There are a lot of folks in Eastern Pa, Philadelphia, and New Jersey area. 95% of the birds raced are blue bars and checks (the most common pigeon colors). That bird is an unusual/rare color and although there are a very small few homer folks that race a couple of rare colors, most people that keep rare colored homers do so for the enjoyment of the different colors. They may fly them but rarely race them. Anyway, what I am saying is that is a very nice looking bird and you could probably easily find a home for it.....but screen any potential adopters closely (make sure they are legitimate, have a good loft, healthy birds, not using it for dog training etc.). Now, I hope you decide to keep it......in which case welcome to the wonderful (and addictive) world of pigeon keeping. Pigeons are wonderful birds, and you have a beauty there. Certainly a lot of good information on this board and on the internet. Make sure any cage, especially outdoors is very very secure......racoons can easily tear through chicken wire, and mice can go through the holes. If you build an outdoor enclosure use strong hardwared cloth with the tiny square holes for all screen. Pigeons can take the winter cold but need the inside to be dry. They can get in the sun and rain in a flypen but the main part of the loft needs to be dry and well ventilated for best health. A very large secure rabbit hutch would work for her and a mate possibly.....something larger if you expand in the future. BTW the Philadelphia zoo recently added a nice exhibit on pigeons. Get some grit along with a good pigeon seed mixture and provide the grit and fresh water at all times. I am sure there is some place local that sells it but it can also be ordered from places like Foy's. A little hard to tell but I think your bird is probably a hen (female). I think the color is Khaki (dilute brown). Enjoy!!


----------



## mbodamer (Jun 16, 2014)

Thank you for your comments. I am leaning towards keeping it. I would hate for it to go to a home and be mistreated or worse someone just let it loose and it starves in the wild.
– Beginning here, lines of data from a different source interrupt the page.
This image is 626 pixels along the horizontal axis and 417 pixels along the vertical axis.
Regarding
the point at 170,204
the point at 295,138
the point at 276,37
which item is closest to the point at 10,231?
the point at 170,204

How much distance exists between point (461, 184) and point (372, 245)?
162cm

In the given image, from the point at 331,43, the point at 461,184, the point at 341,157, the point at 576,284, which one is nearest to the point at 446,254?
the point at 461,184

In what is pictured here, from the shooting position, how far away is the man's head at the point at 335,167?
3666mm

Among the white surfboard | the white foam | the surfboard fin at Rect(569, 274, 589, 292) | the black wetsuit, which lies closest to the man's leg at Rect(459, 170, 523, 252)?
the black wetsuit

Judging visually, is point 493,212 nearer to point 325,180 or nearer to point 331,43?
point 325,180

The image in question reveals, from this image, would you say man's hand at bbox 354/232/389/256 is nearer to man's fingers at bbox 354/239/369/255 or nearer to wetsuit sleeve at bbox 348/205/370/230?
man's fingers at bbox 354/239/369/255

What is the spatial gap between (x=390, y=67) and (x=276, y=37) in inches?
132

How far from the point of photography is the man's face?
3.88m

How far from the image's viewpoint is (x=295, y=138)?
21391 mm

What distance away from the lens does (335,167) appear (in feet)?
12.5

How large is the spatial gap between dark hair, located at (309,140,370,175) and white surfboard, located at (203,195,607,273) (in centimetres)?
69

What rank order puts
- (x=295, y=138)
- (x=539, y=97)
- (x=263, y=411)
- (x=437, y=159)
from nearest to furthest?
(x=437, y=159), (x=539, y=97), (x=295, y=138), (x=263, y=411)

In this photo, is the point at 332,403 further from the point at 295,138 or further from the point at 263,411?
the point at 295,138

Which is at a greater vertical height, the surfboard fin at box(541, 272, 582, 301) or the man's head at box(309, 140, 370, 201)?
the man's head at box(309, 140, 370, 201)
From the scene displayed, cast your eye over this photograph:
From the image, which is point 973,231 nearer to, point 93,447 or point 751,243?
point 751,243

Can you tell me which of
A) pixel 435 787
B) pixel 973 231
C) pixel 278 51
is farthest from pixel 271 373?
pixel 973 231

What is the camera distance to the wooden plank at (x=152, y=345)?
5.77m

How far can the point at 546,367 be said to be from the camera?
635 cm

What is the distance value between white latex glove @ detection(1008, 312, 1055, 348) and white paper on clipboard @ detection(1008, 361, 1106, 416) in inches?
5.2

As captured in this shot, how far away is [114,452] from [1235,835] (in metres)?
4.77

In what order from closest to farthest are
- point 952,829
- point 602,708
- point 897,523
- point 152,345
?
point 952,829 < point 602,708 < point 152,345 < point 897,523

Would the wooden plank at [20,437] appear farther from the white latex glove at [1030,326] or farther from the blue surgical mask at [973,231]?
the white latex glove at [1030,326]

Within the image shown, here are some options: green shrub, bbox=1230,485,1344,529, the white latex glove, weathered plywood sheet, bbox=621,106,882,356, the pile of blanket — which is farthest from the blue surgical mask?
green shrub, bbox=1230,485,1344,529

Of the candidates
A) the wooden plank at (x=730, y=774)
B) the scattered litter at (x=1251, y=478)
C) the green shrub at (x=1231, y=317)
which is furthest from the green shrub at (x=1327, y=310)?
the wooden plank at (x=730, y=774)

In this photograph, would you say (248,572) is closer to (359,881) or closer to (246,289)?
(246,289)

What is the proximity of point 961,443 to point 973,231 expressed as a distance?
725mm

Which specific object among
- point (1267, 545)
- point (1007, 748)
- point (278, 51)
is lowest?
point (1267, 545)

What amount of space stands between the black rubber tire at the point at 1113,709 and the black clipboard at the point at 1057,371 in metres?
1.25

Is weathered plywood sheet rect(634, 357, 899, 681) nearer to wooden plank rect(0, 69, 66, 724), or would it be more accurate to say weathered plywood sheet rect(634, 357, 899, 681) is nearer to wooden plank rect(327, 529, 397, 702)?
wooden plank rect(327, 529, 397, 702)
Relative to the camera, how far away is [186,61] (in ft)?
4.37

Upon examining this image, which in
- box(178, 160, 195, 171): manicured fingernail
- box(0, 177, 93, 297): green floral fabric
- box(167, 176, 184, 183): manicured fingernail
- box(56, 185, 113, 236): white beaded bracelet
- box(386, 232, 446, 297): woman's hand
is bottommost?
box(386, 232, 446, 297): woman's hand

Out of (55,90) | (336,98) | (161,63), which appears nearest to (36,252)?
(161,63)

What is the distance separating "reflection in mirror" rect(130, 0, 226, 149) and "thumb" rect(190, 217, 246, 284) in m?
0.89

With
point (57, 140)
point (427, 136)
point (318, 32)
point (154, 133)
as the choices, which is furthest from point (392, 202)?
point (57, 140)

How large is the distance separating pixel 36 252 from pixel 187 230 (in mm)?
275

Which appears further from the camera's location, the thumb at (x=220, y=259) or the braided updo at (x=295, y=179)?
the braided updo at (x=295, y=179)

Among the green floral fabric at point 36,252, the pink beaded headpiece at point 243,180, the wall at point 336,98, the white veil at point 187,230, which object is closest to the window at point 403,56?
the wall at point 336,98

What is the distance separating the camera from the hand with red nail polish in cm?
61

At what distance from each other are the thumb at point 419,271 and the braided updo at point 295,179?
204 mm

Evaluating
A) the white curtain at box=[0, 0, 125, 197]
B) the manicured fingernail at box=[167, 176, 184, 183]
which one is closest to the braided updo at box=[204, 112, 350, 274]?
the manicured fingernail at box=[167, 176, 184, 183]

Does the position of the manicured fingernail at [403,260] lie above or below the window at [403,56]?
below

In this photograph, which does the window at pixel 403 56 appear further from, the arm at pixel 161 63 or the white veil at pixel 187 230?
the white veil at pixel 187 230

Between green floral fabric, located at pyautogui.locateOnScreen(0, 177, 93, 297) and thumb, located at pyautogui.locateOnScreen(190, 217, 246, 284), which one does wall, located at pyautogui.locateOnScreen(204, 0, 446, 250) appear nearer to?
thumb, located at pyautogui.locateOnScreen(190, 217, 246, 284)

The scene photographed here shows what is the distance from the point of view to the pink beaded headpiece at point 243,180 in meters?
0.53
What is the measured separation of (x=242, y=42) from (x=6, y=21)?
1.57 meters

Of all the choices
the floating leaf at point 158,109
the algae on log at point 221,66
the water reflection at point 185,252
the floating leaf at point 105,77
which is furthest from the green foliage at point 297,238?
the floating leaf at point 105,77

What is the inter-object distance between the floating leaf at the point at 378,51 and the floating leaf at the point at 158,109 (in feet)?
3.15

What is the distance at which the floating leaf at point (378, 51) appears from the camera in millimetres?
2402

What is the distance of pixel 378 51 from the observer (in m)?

Is there a procedure for sexing them? If I kept this bird and got a mate for it, then any offspring would be trainable even if the parents arent correct?

You said about a large rabbit hutch would be sufficient but isnt that cramped for the bird? I have it in a room under my porch right now. The room size is approximately 8'x12' and is all cement block. I tacked 2x4's around for it to have perches. there are two windows about 2'x2'. As scene in the pic I have one window open with the chicken wire so it can get fresh air. 

I was kinda worried this areas was too small for it, it "flies" from perch to perch now and then or from perch to the window sill but cant really stretch its wings much. I had no idea the chicken wire would be so unsafe for it. I can swap that for the rabbit cage material if thats what you mean.

im excited but nervous in keeping it. I want to make sure we provide a good home for it and it is healthy and happy.


----------



## Woodnative (Jul 4, 2010)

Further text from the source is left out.